- **Work item**: An exact transcript is required of the lines below, from the one containing "Leli Hernandez" through the very last; leave every picture out of it.

- **Exercise inputs**:
◆ ◆ ◆ ◆ ◆

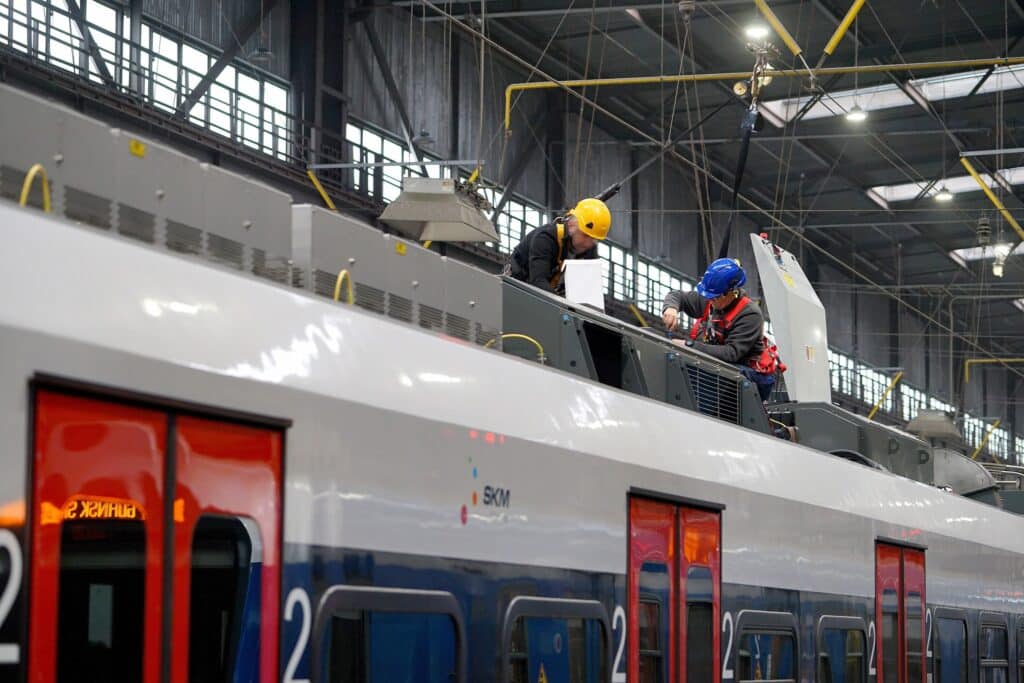 Flota PKP SKM w Trójmieście właśnie się powiększyła. Do ruchu pasażerskiego włączono dwa nowe pojazdy aglomeracyjne typu 58WE z rodziny IMPULS 2, wyprodukowane przez firmę NEWAG.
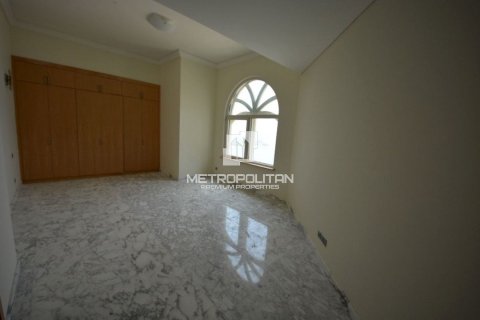 4 bedrooms Penthouse in Shoreline Apartments, UAE No. 78059 12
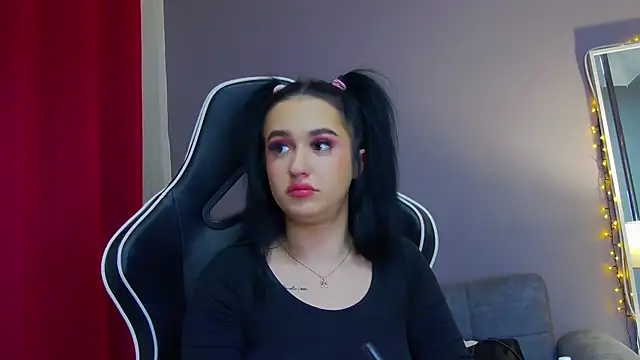 Snapshot of Eva_Lovvia_ chatting on February 19, 2025, 11:04 pm Eva Lovvia  online show from February 19, 2025, 11:04 pm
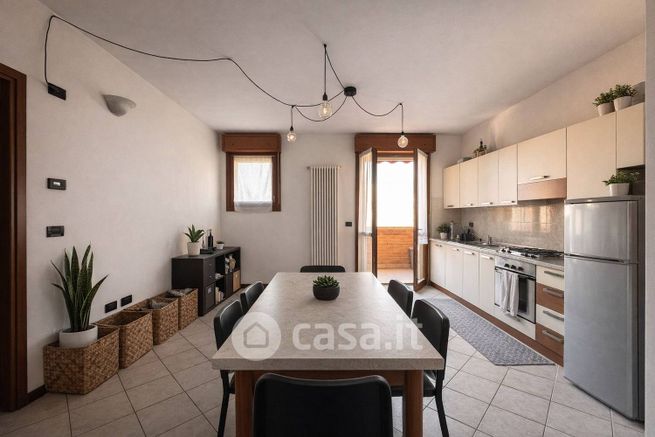 Appartamento in residenziale in Via Alfredo Pitteri 7
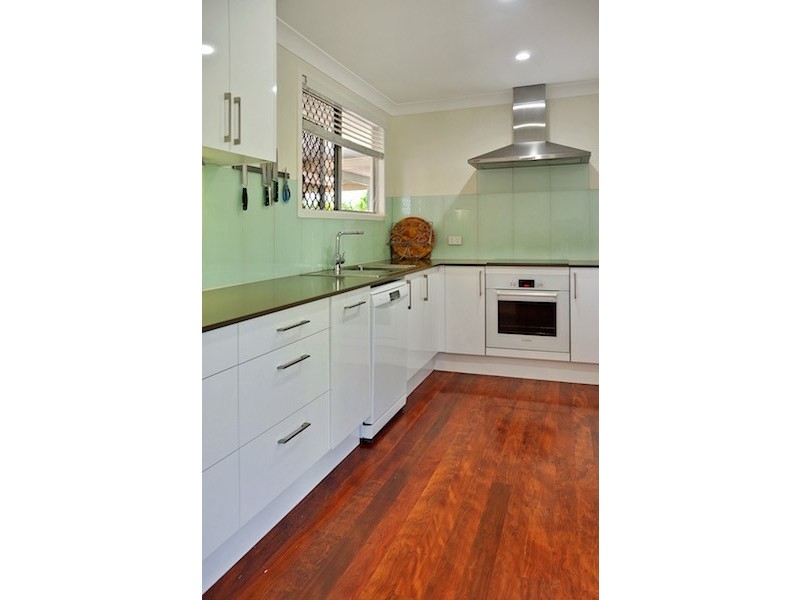 17 Hankinson Street, Golden Beach QLD 4551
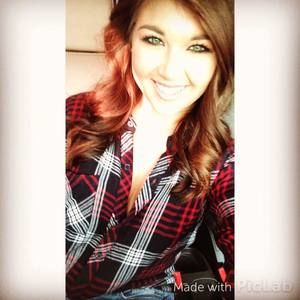 Meet your Posher, Saela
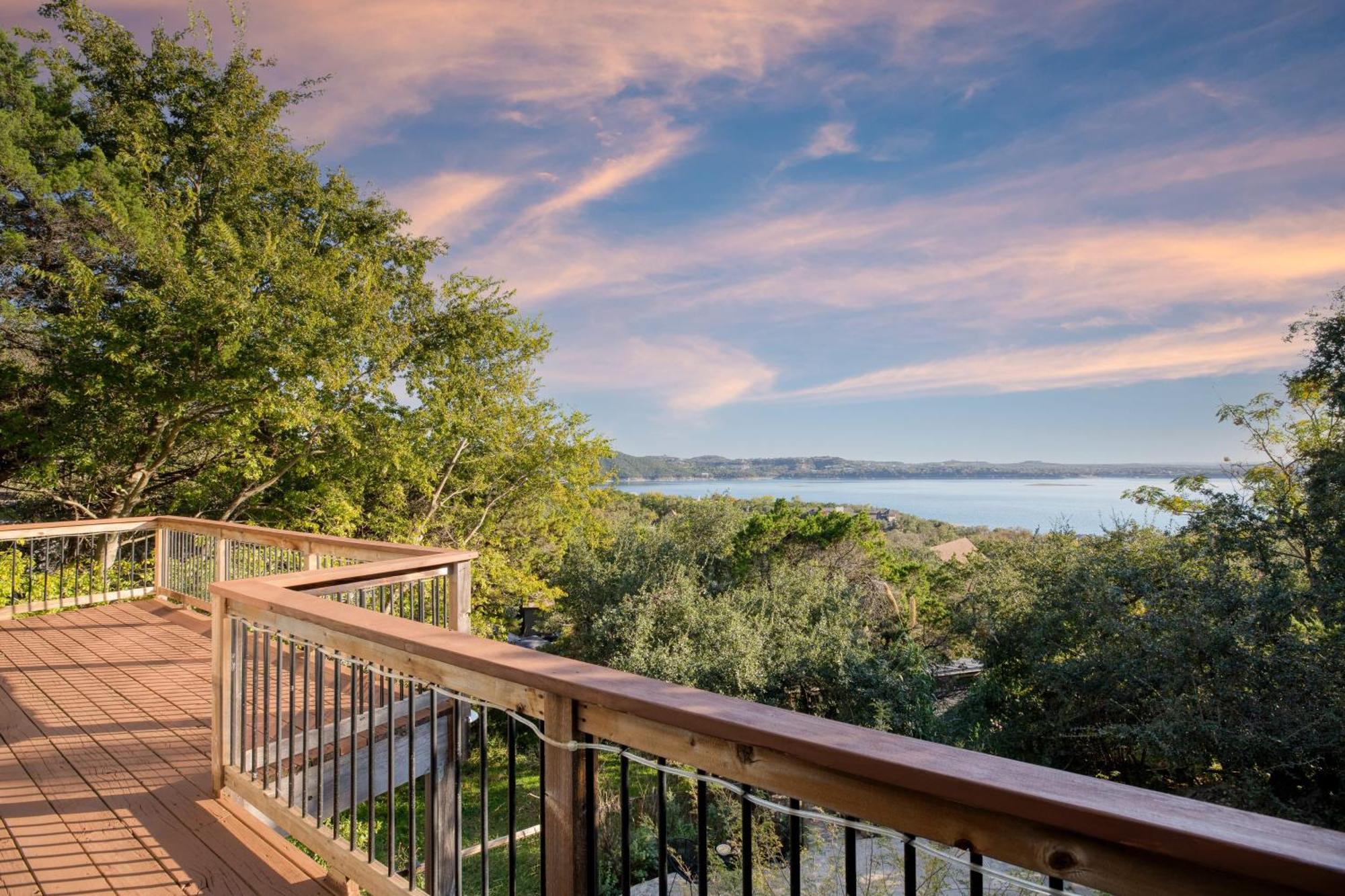 Dawson By Avantstay Serene Set Amongst Nature W Pool Hot Tub Close To Travis *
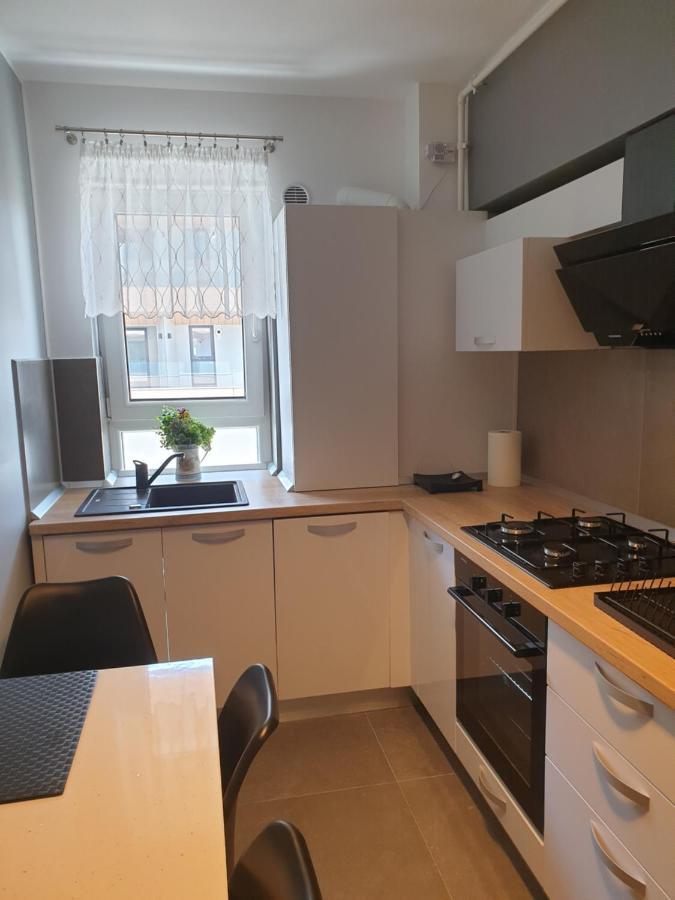 Qualis Apartament Braşov Exteriör bild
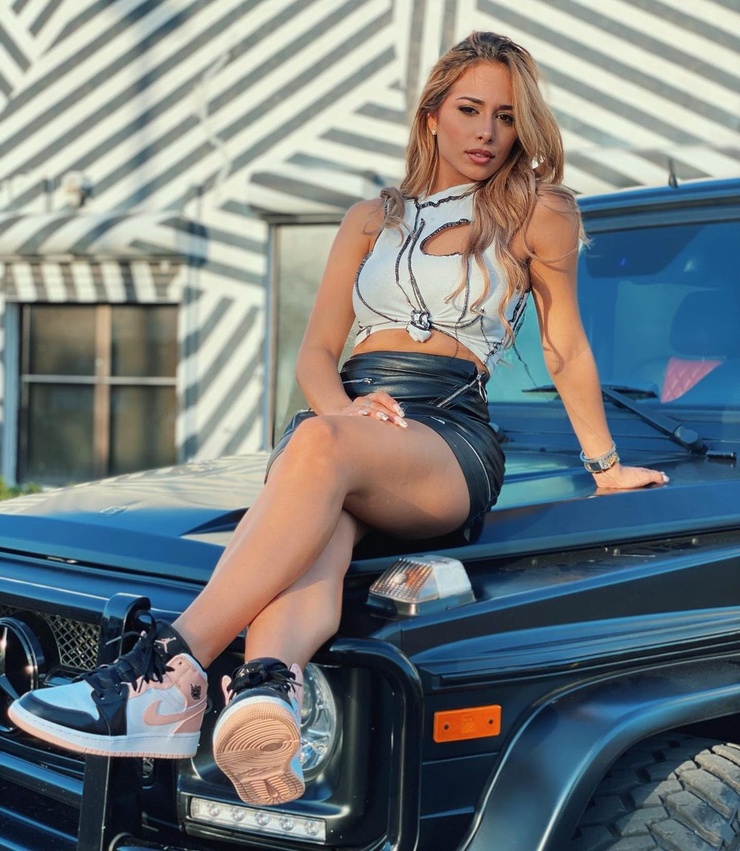 Leli Hernandez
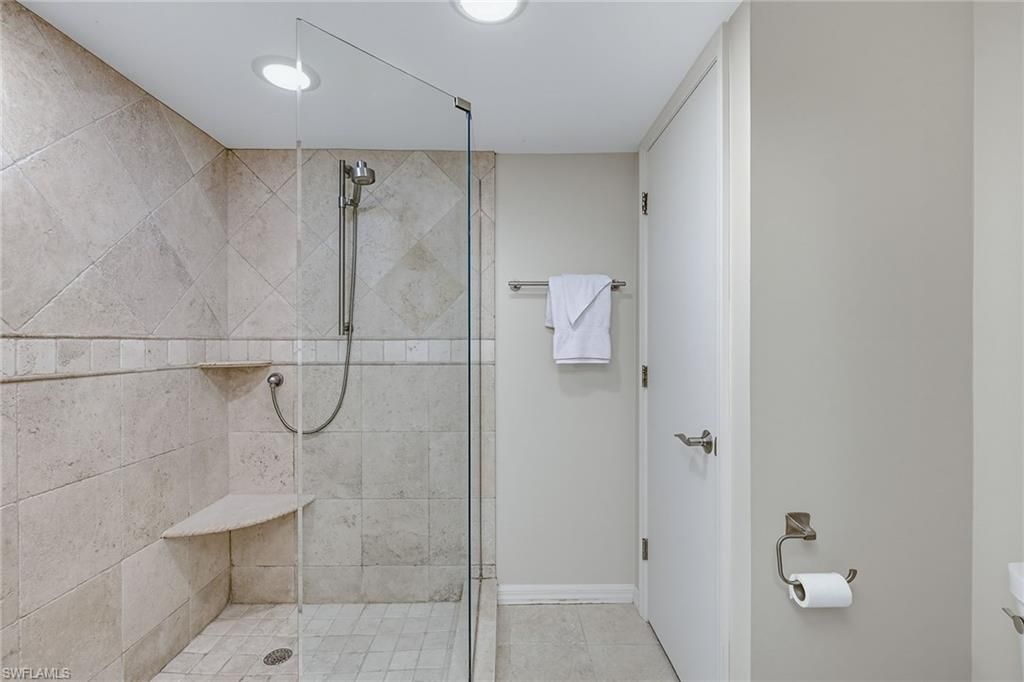 2348 Gulf Shore Blvd N, Unit 506, Naples, FL 34103 Photo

◆ ◆ ◆ ◆ ◆

- **Answer box**:
 Leli Hernandez
 2348 Gulf Shore Blvd N, Unit 506, Naples, FL 34103 Photo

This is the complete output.